__DATA BLOCK__
· · · · · · ·
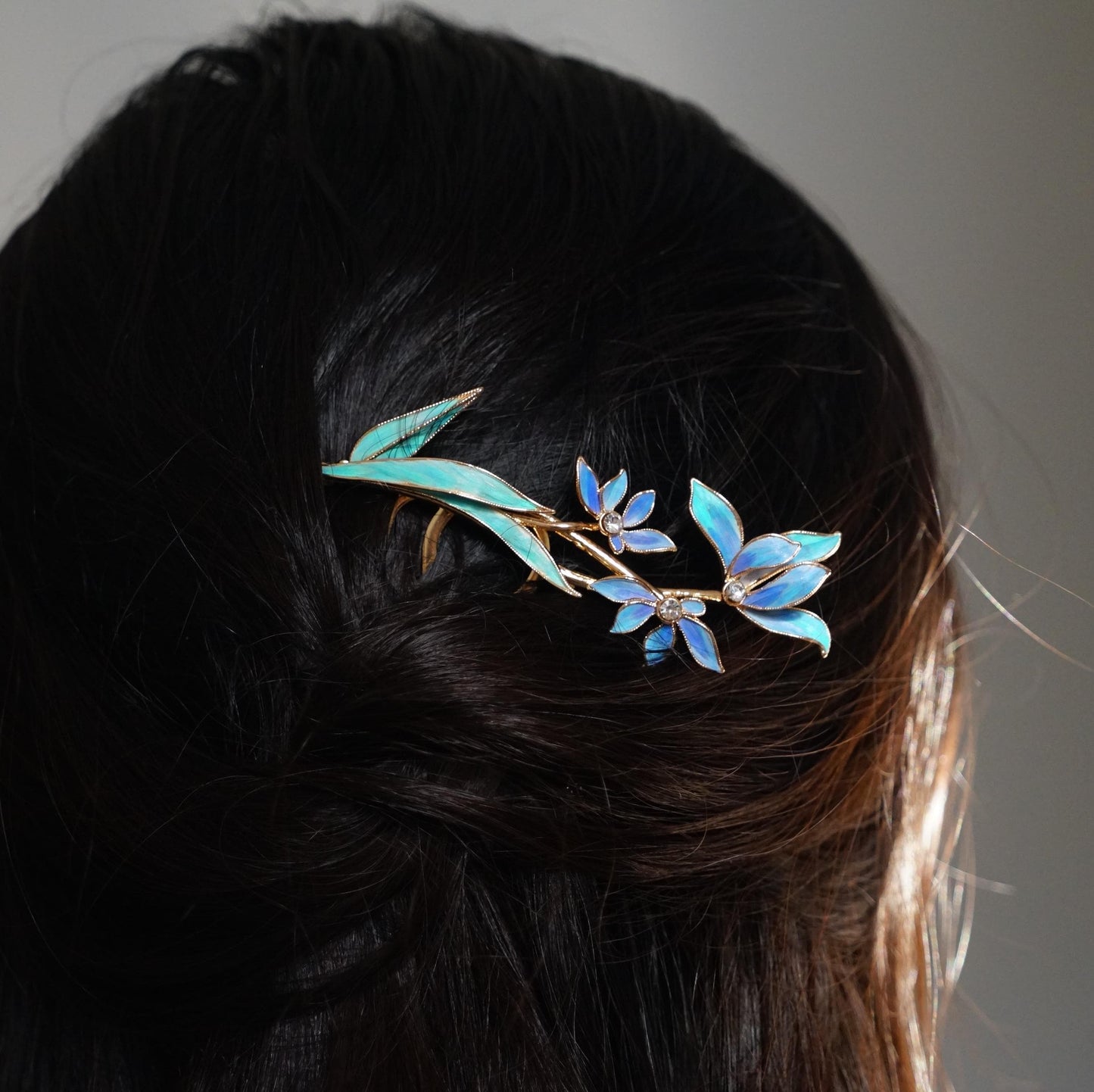 Blue Iris Hair Comb, Crystal Gradient Feather Slide, Vintage Style Floral Headpiece, Unique Gift for Her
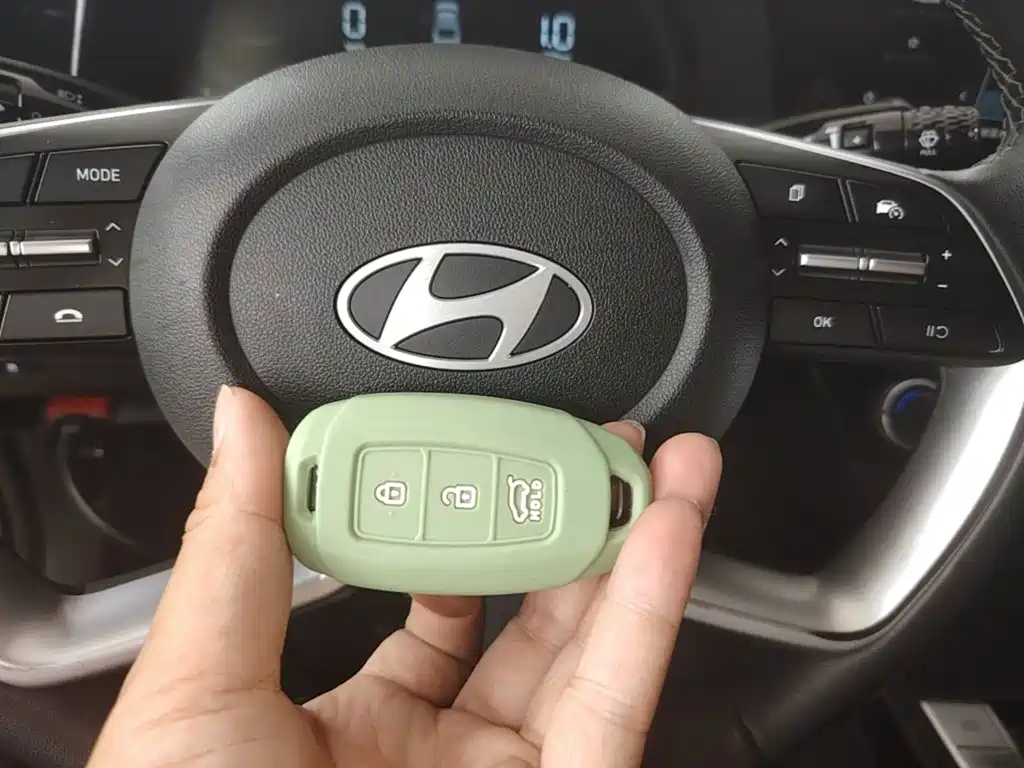 Hyundai Elantra — миниатюра 9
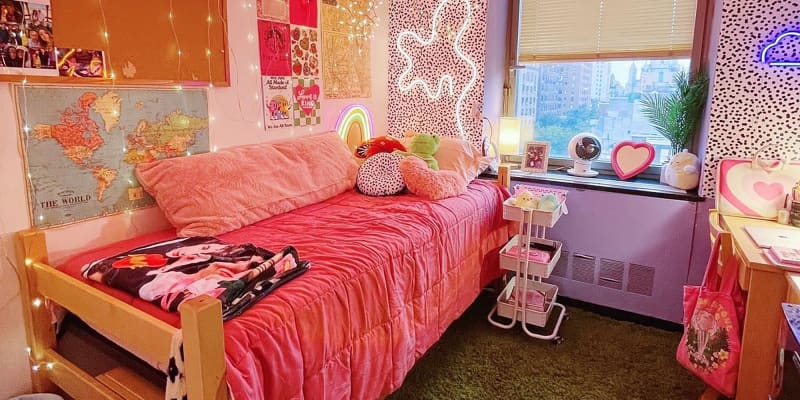 Aesthetic Room Ideas Dorm Decor Gifts For Your College Roommate In Defense Of Spending Hundreds Of Dollars On Dorm Decor Dorm Therapy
· · · · · · ·
__EXERCISE DESCRIPTION__
Output exactly the lines from the one that has "Hyundai Elantra — миниатюра 9" through the end of the data. Do not include pictures.

__THE COMPLETED TASK__
 Hyundai Elantra — миниатюра 9
 Aesthetic Room Ideas Dorm Decor Gifts For Your College Roommate In Defense Of Spending Hundreds Of Dollars On Dorm Decor Dorm Therapy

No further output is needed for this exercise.